Entering the “Your Story” competition put on by Writer’s Digest each month hasn’t yet led me to publishing fame and fortune, but it has given me the opportunity to write a couple of short fiction pieces that I can share with you through this blog.
I can hear your collective “Hooray!” emanating from all over the Internet.
First there was “Why Fight It?”; now comes “The Strongman,” which, as part of the competition, was required to start with the bolded sentence.
Writing from the perspective of a 60-year-old man, on the other hand, was purely my 31-year-old brain hopping the tracks a bit.

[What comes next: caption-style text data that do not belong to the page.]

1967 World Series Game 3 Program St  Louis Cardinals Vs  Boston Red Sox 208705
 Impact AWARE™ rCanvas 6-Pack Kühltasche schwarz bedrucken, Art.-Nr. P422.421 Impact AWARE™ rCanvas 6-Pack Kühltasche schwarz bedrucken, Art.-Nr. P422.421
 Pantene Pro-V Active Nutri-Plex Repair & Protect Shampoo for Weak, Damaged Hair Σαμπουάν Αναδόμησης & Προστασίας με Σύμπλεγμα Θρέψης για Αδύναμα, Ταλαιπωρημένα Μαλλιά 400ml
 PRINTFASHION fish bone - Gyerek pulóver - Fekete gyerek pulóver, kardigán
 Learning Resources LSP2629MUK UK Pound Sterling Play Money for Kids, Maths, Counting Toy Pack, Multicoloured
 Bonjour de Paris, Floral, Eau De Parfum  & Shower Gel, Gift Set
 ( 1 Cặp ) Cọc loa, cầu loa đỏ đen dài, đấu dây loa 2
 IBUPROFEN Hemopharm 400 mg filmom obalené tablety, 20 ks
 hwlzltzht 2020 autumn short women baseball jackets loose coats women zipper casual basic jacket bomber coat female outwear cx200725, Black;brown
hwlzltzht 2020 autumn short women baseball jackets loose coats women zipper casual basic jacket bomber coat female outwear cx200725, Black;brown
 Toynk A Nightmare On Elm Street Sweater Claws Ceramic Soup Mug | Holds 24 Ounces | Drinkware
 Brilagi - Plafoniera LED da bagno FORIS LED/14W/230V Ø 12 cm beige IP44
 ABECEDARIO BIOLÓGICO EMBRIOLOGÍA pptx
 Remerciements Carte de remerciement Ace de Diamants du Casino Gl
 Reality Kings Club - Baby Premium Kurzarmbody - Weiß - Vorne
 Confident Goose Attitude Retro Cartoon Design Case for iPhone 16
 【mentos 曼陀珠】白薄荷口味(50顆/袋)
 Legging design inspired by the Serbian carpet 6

It was on a bright, starry night that the traveling circus rolled into town. I was around eight years old, and I remember wondering if there was a strongman lurking somewhere inside one of the train cars clicking by my bedroom window. I really hoped so. The two times I had gone to the circus before, it hadn’t amounted to much more than a clown convention, and I hated clowns—not because I had some sort of clichéd fear of them but because I just didn’t see the point. I could get whack-jobs in wigs and bad makeup at my family’s Thanksgiving dinners.
But a strongman would be a different story. The strongest guy I had ever seen at that point was my dad. In my eyes, he was Paul Bunyan sans the mutated piece of livestock, and he was only a mechanic; his professional life didn’t revolve around being a hulking mass of humanity. Who knew what the strongman might be able to do when he set his mind to it or, better yet, was provoked by the crowd.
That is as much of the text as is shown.